Further wave phenomena

Dispersive waves

Waves can also propagate in bars and plates. In this case, a remarkable fact is all waves do not travel at the same velocity. Higher-frequency waves travel faster than lower-frequency waves. These differences in speed causes spreading or dispersion of wave packets, as shown in the movie below.

Refraction of sound waves (under construction...)

Diffraction of sound waves

The animation below illustrates how a travelling wave emitted from the upper left corner by an airplane at take off is diffracted by a sound barrier erected to shield homes from the traffic noise. This solution is efficient only if the houses are located within the shadow region of the sound barrier.

Radiation from acoustic sources

Monopole sources

As an example of a monopole source, one might think of a balloon that is rhythmically expanding and contracting. The resulting sound field (due to successive compressions and rarefactions of the surrounding fluid) has the same amplitude in all directions. The pressure field produced by a monopole source is shown in the animation below. The air particles move back and forth as the spherical wave expands outwards. In practice, the monopole source model is a good approximation for the sound field  radiated by a boxed loudspeaker at low frequencies.

 Dipole sources

The simplest dipole source consists of two monopole sources of equal strength placed a short distance apart, operating at the same frequency but always 180^o out of phase of each other [*]. An example is given by a bare speaker cone where the volume of air pushed out by the front side is compensated by the new volume of air that is pulled on the back side. The animations below show that a dipole source does not radiate sound equally well in all directions. Sound is cancelled in the regions along the vertical axes.

How is the sound field radiated by a dipole consisting of two monopoles when one of them is delayed with respect to the other by the time it takes for a wave to travel from one monopole to the other ? Answer

The tuning fork

An observer holding and rotating a sounding tuning fork at arm's length from the ear will hear two loud regions in the plane of the tines separated by two quiet regions in the plane perpendicular to the fork. From the animations below, it can be seen that a similar sound field can be produced by a linear quadrupole source. It is made of two opposite phase dipoles lying on the same line [*].

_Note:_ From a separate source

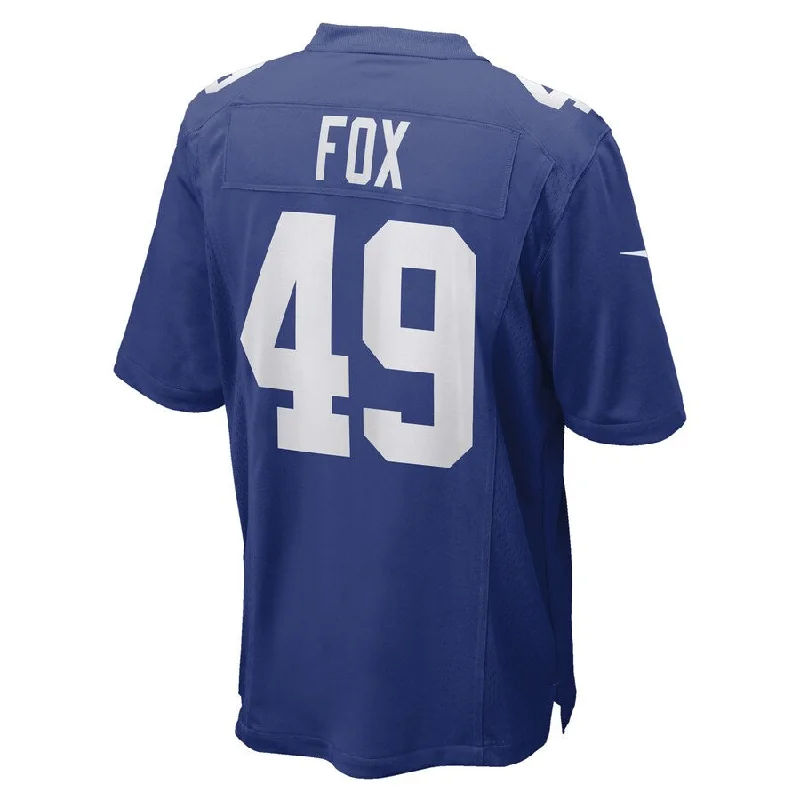 NY.Giants #49 Tomon Fox Royal Game Player Jersey Stitched American Football Jerseys-NFL Throwback Jerseys -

When the observer holds and rotates the sounding tuning fork close to its ear, he then finds four positions where the sound is loud, alternating with four positions where the sound is quiet. The movies below show that a lateral quadrupole source can provide a similar sound field. It is made of four monopoles with alternating phase located at the corners of a square [*].

The baffled piston

An important example is a baffled piston-type source, namely a flat solid disk set in an infinite plane baffle and moving up and down along its axis of symmetry. Analytic expressions can be obtained to describe the sound pressure radiated in the far-field at all frequencies. This model is used for practical baffles such as air boxed loudspeakers.

From the animations below, it can be seen that the radiation patterns of a loudspeaker is different at low, medium and high frequencies.

      - At low frequencies, the sound field radiated  by a loudspeaker spreads out evenly in all  directions.

      - At higher frequencies, the sound pressure produced by a loudspeaker is much contained within a cone of 55^o from the center axes. So, at these frequencies, a listener will perceive higher pressure levels if he is located in front of the speaker. If he moves to either side, he will perceive weaker pressure levels.

       - At much higher frequencies, the sound field radiated by a loudspeaker is constricted within a cone of about 20^o on either side of the central axis. Now, the sound pressure levels fall off very rapidly as a listener steps away from in front of the loudspeaker. In practice, different frequencies are sent by different subwoofers and so, it is unlikely to observe such a difference in sound levels.